Monday, August 26, 2024

North Coast 500, Scottish Highlands

On Friday morning we took a ferry from Stromness on Orkney to the tiny village of Scrabster in the north of Scotland, then a taxi to the train station at Thurso where we boarded a train for Inverness. I slept most of the way after getting quite travel sick on the ferry. 

We picked up our rental car (free upgrade to a brand new BMW, still had a new car smell!) and began our travels on the North Coast 500. The NC500 is a loop around the north of Scotland, mostly following the coast. 

Highlights have included: 

Culloden Battlefields where I leave about the Jacobites and the impact of this battle on Scottish life. The nearby Clava Cairns and standing stones was also very interesting.

Visiting a farm shop that had pet Highland cattle, we've seen many in paddocks and they're a focus for many souvenirs.  


The beautiful town of Dornoch was a random find but a lovely pub lunch and charity shop. We never found the yarn shop that I'd seen a sign for and caused us to enter the town.



Dunrobin Castle was our original lunch focus but given the crowds when we arrived it became just a quick photo stop and we were glad we'd spent the time in Dornoch instead.

Dunnet Head is the most northern point on mainland UK.


John O'Groats is a lovely spot, the most northerly village on mainland UK.



This deserted castle, on the edge of a cliff was fun to explore, I love how it's perfectly normal to walk through farm paddocks to get to historical sights.






Taking the coastal, one lane roads took much longer to get to Ullapool but the reward was a water view around each corner.




Very impressed by one farm's stone fences that had been recently restacked.









Lots and lots of sheep on the roads today, many villages had cattle grids to keep them out.

We've seen warning signs for sheep, deer, otters, children and elderly people crossing but this sign was a first. Sadly we didn't see any pigs or piglets. 

Thursday, August 22, 2024

Orkney

We arrived in Kirkwall, Orkney on Saturday afternoon and immediately headed north to Birsay, so I could begin the Way of St Magnus pilgrimage. The weather forecast for later in the week was looking very wet and windy (this proved true). Thus began two days of lots of walking through the countryside. 

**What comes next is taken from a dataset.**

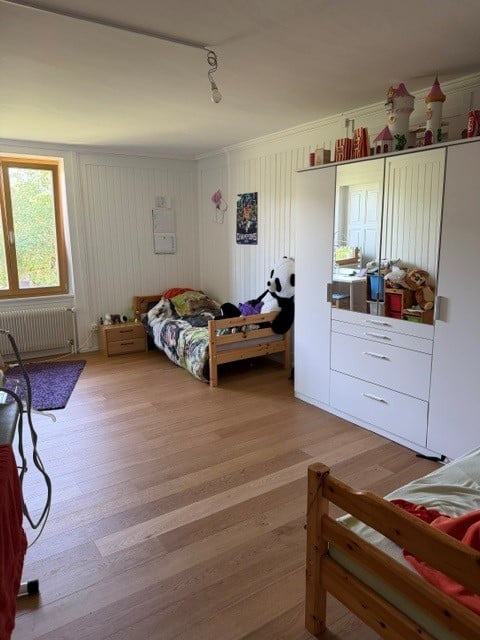 Cozy children's bedroom with wooden flooring, a single bed with colorful bedding, a large white wardrobe with mirrored doors, a nightstand, and various toys and decorations.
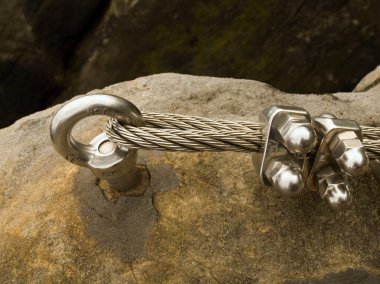 Detail of rope end of ferrata way anchored into sandstone rock. Iron twisted rope fixed in block by screws snap hooks. clipart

Monday was a bit different, we headed to Egilsay, the island where St Magnus was killed. It took two ferries to get there and three to get back again. 

First we went to Roussay, which supposedly has 150 ancient sites but only a couple were open to the public and they involved walking down steep paddocks, so we didn't see any.


Then another ferry to Egilsay, there are only three a day and the middle one is by booking alone as only 25 people live on the island. 

The St Mangus Church that was built when so many pilgrims started coming to the island, it's been unused for many years. 



Half the island is a bird preservation area.

The site where St Magnus was killed.


We were the only passengers from Wyre to Roussay!

I was intrigued by a tractor and trailer waiting for our first ferry. It turned out only the trailers and farmer went to Roussay, where they were met by another farmer with his own tractor. The process was reversed when we went back, so I had a chat to the farmer and found out he'd been dipping sheep for the day. He was happy to answer my questions about farming on Orkney. Cattle are kept in barns for eight months of the year, so different to Australian farming.


Tuesday I concluded my pilgrimage by walking to the St Magnus Cathedral, where the bones of St Magnus are. They also show a short film about his story and how it came to be built. 

Heather fields have been a feature of our travels in Shetland and Orkney, often it's on top of peat.

Seals!




Wednesday was about exploring the south of the main island. I was very impressed by The Italian Chapel, built by Italian prisoners of war, using recycled materials. 




The main work of the Italian prisoners of war was to make the Churchill Barriers, to protect the British fleet during WW2. As well as creating a barrier against submarine attack, they also provided roads to connect the islands to the mainland.

Thursday was all about neolithic sites (and extremely strong wind). I thoroughly recommend Historic Scotland's free ranger talks, both one hour talks I went to were exemplary. 

Stones of Stennes

Skarra Brae, it was incredibly windy (32 miles per hour was recorded whilst I was there). They closed the site just after I left, as they feared people might fall into the ruins. 



The Ring of Brodgar.

Tonight we sleep on a ferry as we're heading to mainland Scotland.